The company eventually realised the blunder and in 2001 bought back Accel’s share in the ecommerce company. Good thing they’ve realized just how important ecommerce was. It didn’t even take long to improve and redesign the webstore: just 5 years, until 2006.
Walmart was also quick to realize it can make a connection between the online and offline channels. In 2007, 11 years after it launched its online store, it launched the Site to Store program, allowing customers to order online and pick up in store.
Blunder after blunder, the company eventually realized the importance of stepping into a new era, one where customers are connected to Walmart digitally. The company has since changed its perception on ecommerce, hired talent and started experimenting with upcoming technologies.
Actually, in 2020, Walmart made one of its boldest move to the digital world – acquiring a share in TikTok, the emerging social media outlet. This might seem weird at first but it makes sense when thinking about live stream shopping. Live, rich social media seems to be the most effective way to sell online when it comes to Gen Z’s and millenials.
But if there’s something worse than an un-focused strategy and a rigid strategy, that has to be … no strategy:
3. Fab.com turns from gay social networking site to daily discounter to flash sales retailer to catalogue retailer to custom furniture designer. Within 4 years. Then switches to selling Yoga mats and classes.
Yeah, you couldn’t make this up.
There are very few cases where the lack of strategy and extensive investments are seen so clear within the same company. Fab is one of these rare fails. The company was founded by Jason Goldberg and Bradford Shellhammer and experimented with some pivots. Six that I know of, mentioned above.

It went on to raise a total of $336 million and for a while it could have been the next Amazon, or Ikea, or Apple, or whatever founder Jason Goldberg thought was the fad of the day. Eventually it went on to be a huge whole in the investors’ pockets and was acquired by an undisclosed sum in march 2015.

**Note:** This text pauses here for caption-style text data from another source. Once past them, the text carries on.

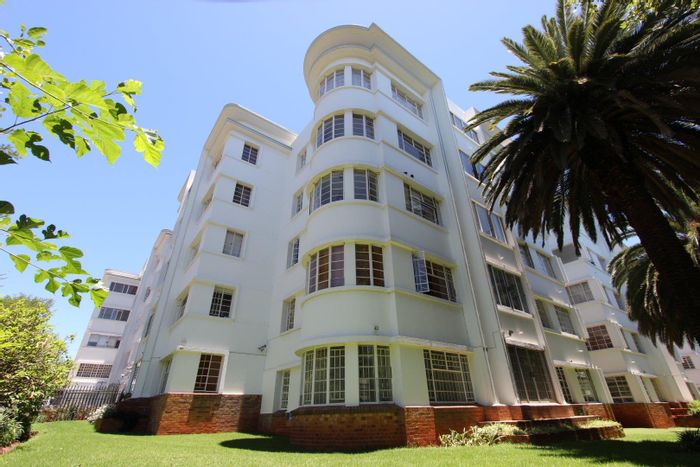 Killarney Apartment For Sale: 1 bed, secure complex, communal garden, pet-friendly.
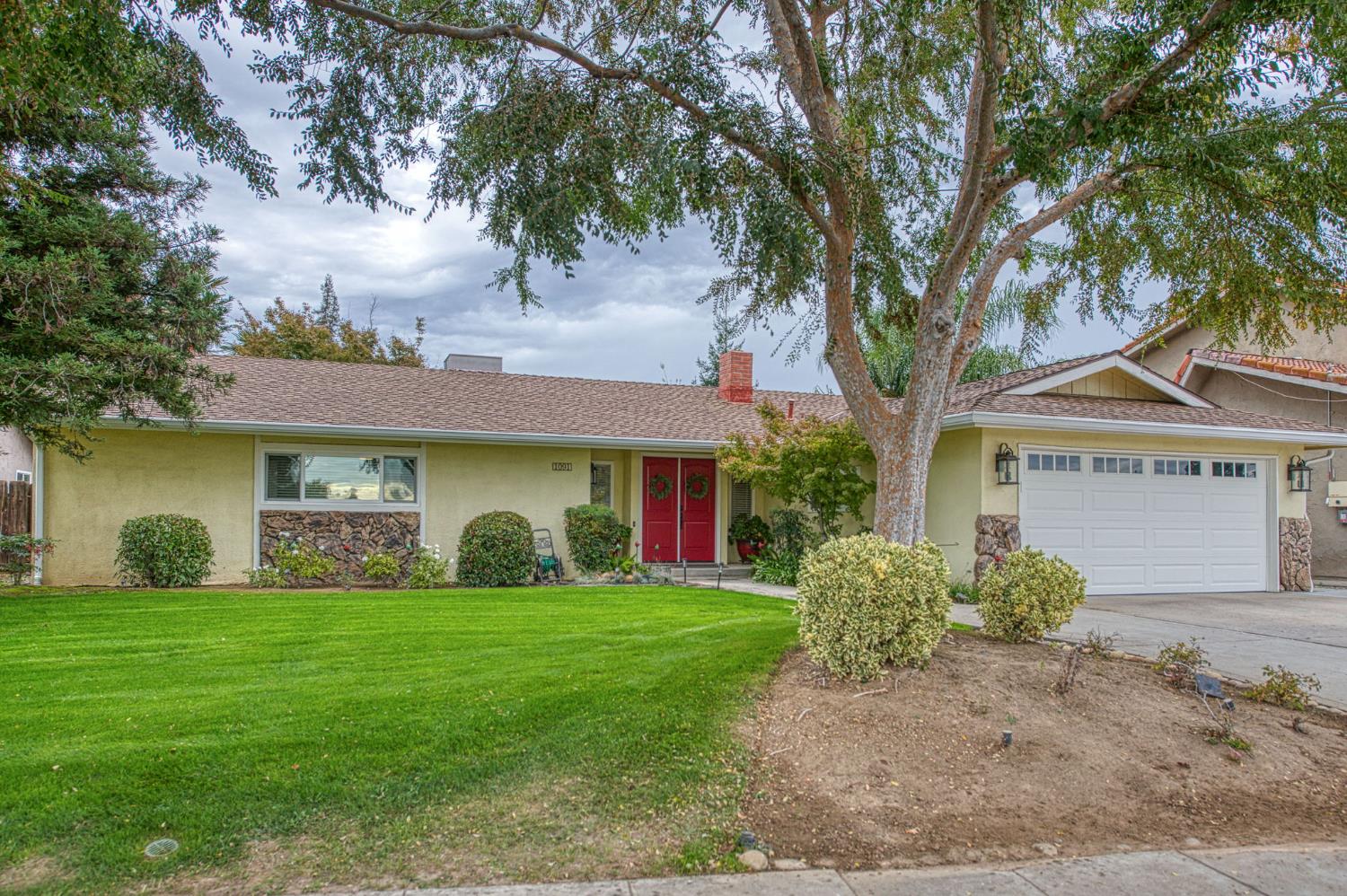 1091 Sierra Ave, Clovis, CA 93612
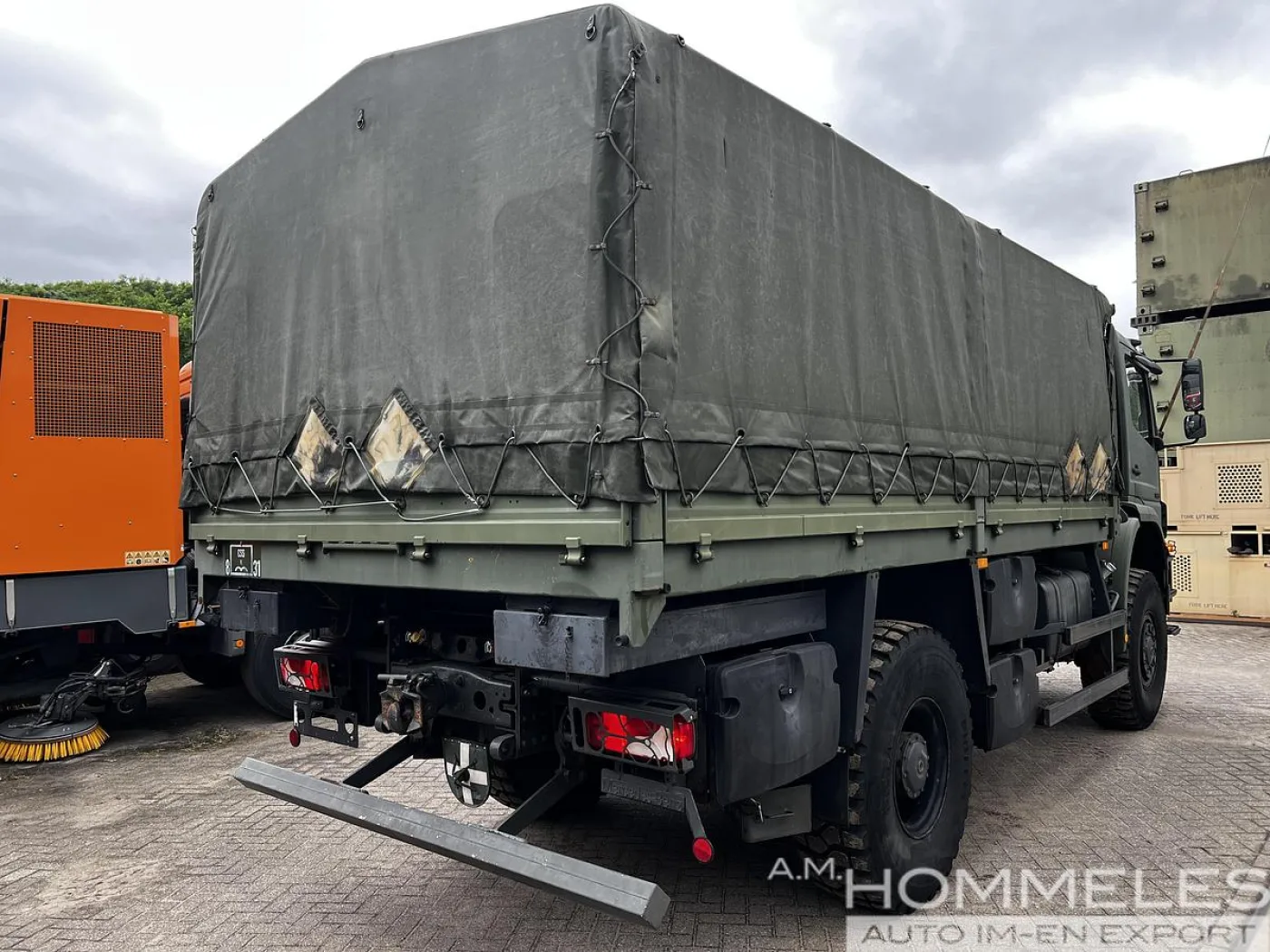 Mercedes-Benz AXOR 1829A 4x4 - 4
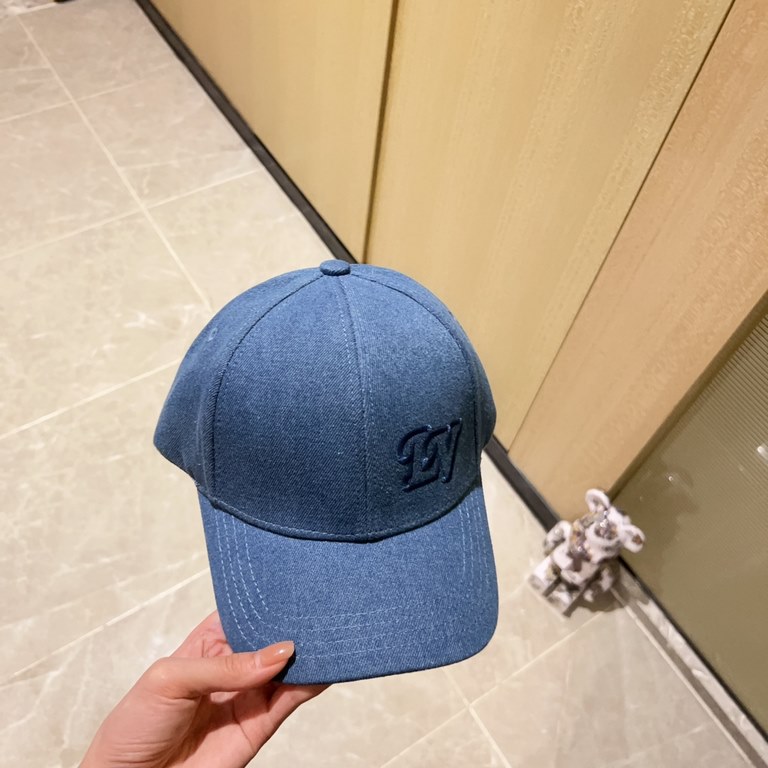 with dust bag [LV Louis Vuitton] 2023 new embroidered simple models of baseball caps, new shipments, big name models super good with, hurry to get!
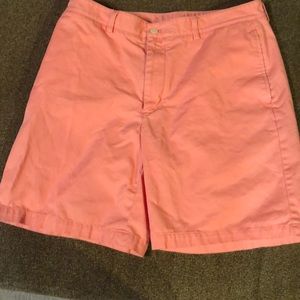 Vineyard vines khaki shorts!
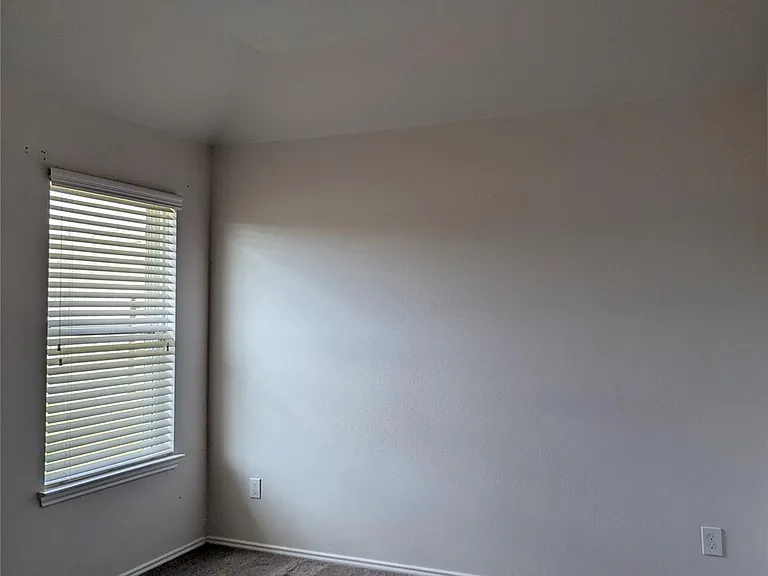 13319 Lansdown St — Photo 17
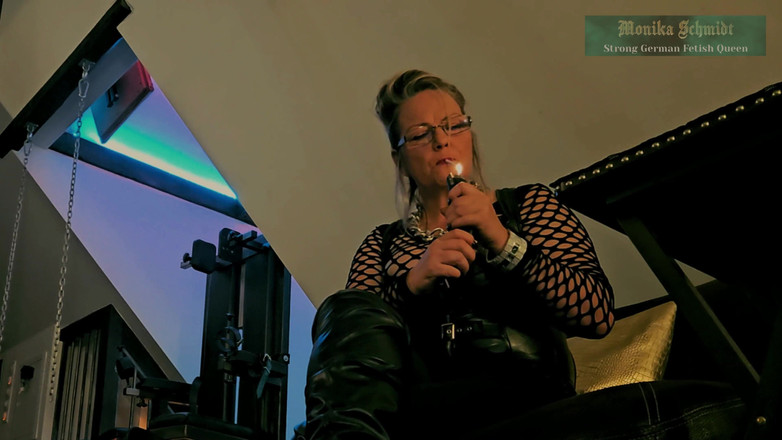 Strict Senz: Monika Otrohet Askkoppen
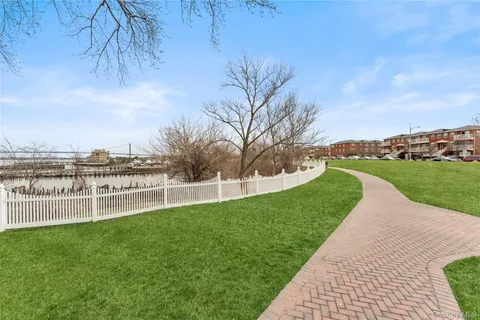 $899,000 | 122-06 Powell Cove Boulevard, Unit 132 | College Point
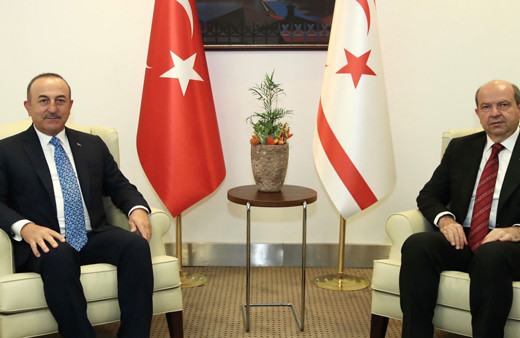 KKTC Cumhurbaşkanı Ersin Tatar, Dışişleri Bakanı Mevlüt Çavuşoğlu'nu kabul etti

The whole story is outlined in this cautionary tale. It could be a very funny strategy fail if it weren’t such a sad story for investors, founders, employees and in the end – the whole online retail market. Fab is the story of what could have been, if someone were to lay out a smart strategy. Or some strategy for that matter.
2021 update:
However – one thing is for sure. Jason Goldberg is one hell of a resilient dude. 2021 is the year of Yoga mats and classes for Fab.